Natural resources was ahead at 64.3 compared to 63.2 in February but way behind last year at 8.1.

Optimism levels improved in agriculture, construction, wholesale, retail and information, as well as arts and recreation.

Mallett said small businesses are sending some mixed signals about where the economy is headed. “Hiring expectations remain strong, with 26% of small businesses expecting to add full-timers, and only 7% expecting to cut staff in the coming months. That is very encouraging. However, only 36% see their businesses as being ‘in good shape’, and that is the lowest reading we’ve seen since mid-2010.”

For the first time in nine months, Alberta found itself back on top, with a 72.7. Saskatchewan (66.4), Manitoba (61.4), and to a lesser extent Ontario (63.7), also gained ground in March. Meanwhile, optimism levels in Newfoundland & Labrador (65.9), Quebec (58.7) and Prince Edward Island (57.6) headed down. BC (71.2), Nova Scotia (57.9) and New Brunswick (56.9) saw little change.

TD Economics blames the harsh winter for business conditions noting GDP grew just 1.4% in the first quarter. But economic analyst Sonny Scarfone says in a bulletin that the bank is forecasting a better Q2 with 2.2% growth.

He also notes only 36% of business owners see their business as being in good shape, which represents an almost four-year low, although it doesn’t appear to be affecting hiring expectations.

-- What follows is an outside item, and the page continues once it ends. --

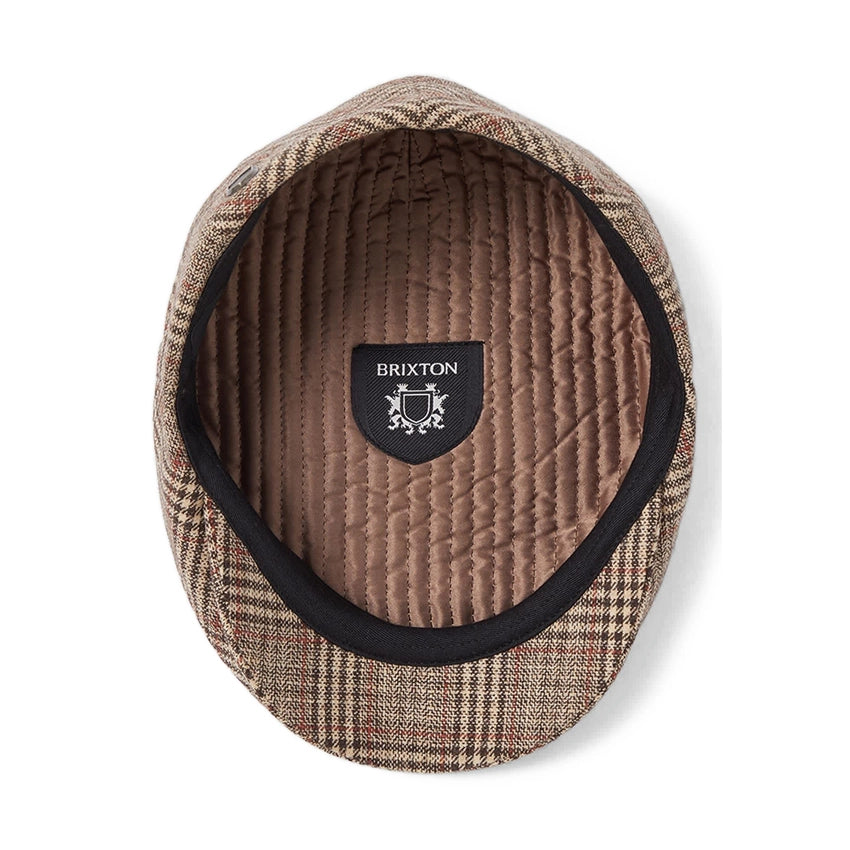 Hooligan Snap Cap - Brown/Tan/Red Plaid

Although the report represents a setback to an expected convergence between the eastern manufacturing-oriented provinces and the energy-producing provinces, he sees it as we temporary. “The depreciation of the loonie and a flat commodity profile should help level the playing field between provincial growth performances,” he says.

Measured on a scale of 0 and 100, an index level above 50 means owners expecting their businesses’ performance to be stronger in the next year outnumber those expecting weaker performance. Index levels normally range between 65 and 70 when the economy is growing at its potential.

The March 2014 findings are based on 1,115 responses, collected from a stratified random sample of CFIB members, to a controlled-access web survey. Findings are statistically accurate to +/- 2.9% 19 times in 20.